• [TASK STATEMENT]
In the records below, find the line that holds "大艺人6626锂电重型锤三用". Restate it and every later line exactly, stopping at the end and skipping pictures.

• [RECORD EXCERPTS]
Content starts

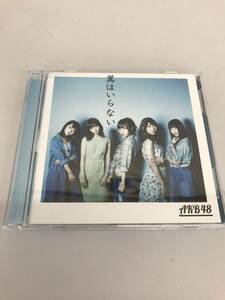 2203m21中古CD+DVDAKB48　翼はいらない　Type　B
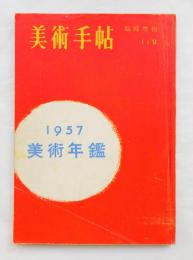 美術手帖 1956年12月号臨時増刊 No.119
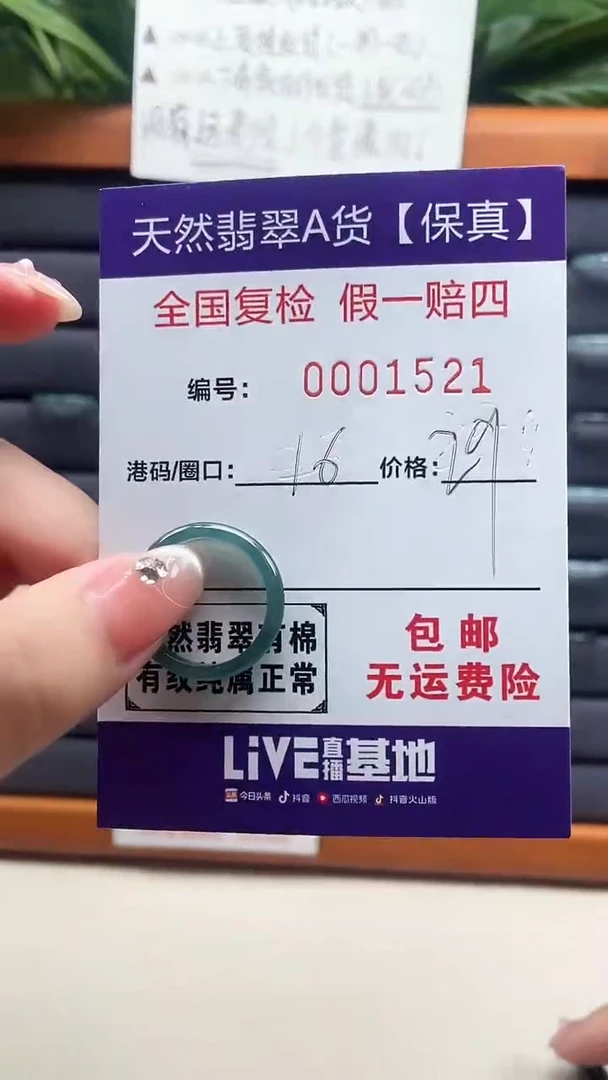 【闪购商品】翡翠戒指未镶嵌天然翡翠A货戒圈1521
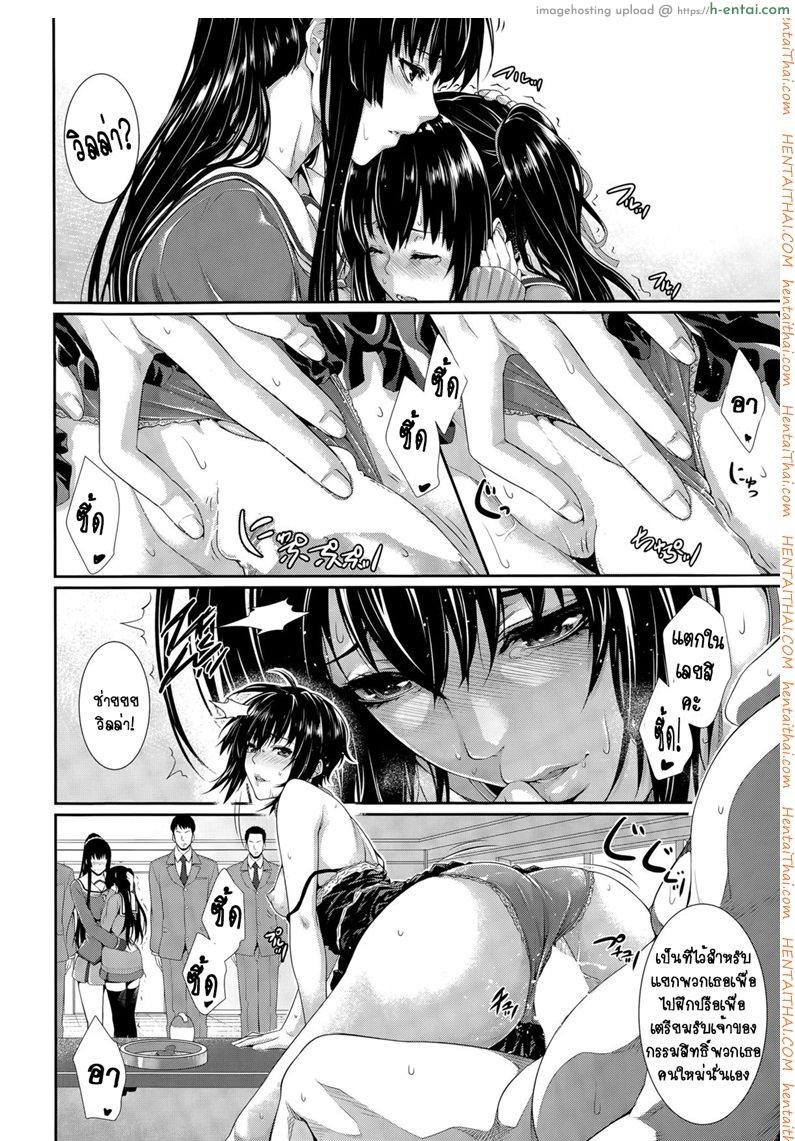 เรื่องเล่าจากสำนักงานจัดหาเจ้าบ่าว เจ้าสาว 2 - แผ่น 6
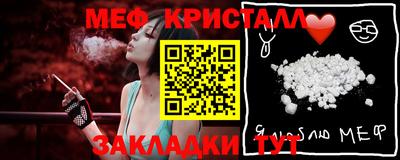 наркотики Коммунар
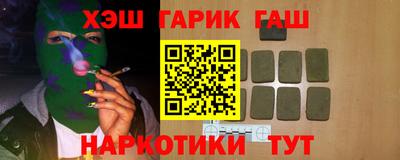COCAINE Ликино-Дулёво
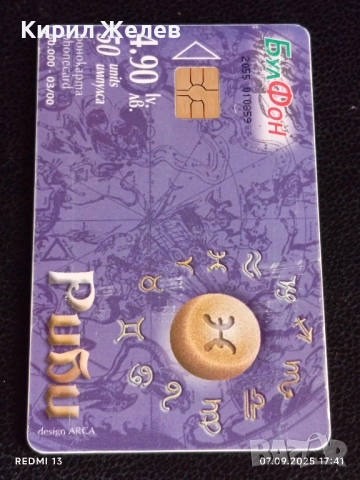 Три фонокарти БУЛ ФОН тема ЗОДИЙ стари редки за КОЛЕКЦИЯ ДЕКОРАЦИЯ 44814, снимка 2 - Колекции - 51634501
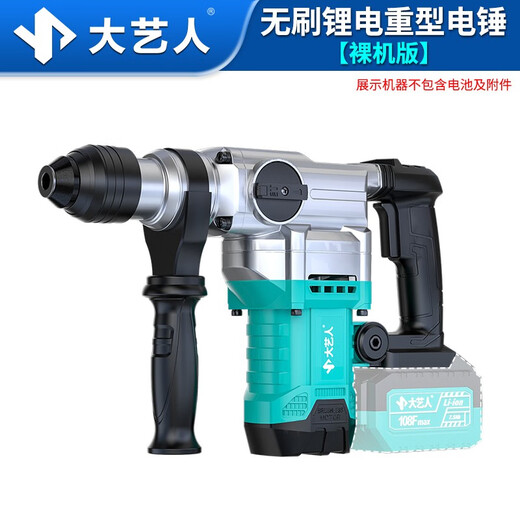 大艺人6626锂电重型锤三用无线冲击钻充电式电镐家用工业大功率方柄钻头 大艺人充电电锤6626(裸机)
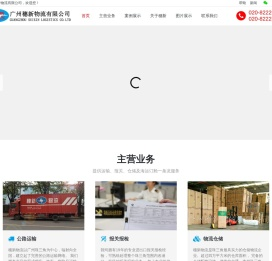广州黄埔仓储货运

Content ends

• [COMPLETED EXERCISE]
 大艺人6626锂电重型锤三用无线冲击钻充电式电镐家用工业大功率方柄钻头 大艺人充电电锤6626(裸机)
广州黄埔仓储货运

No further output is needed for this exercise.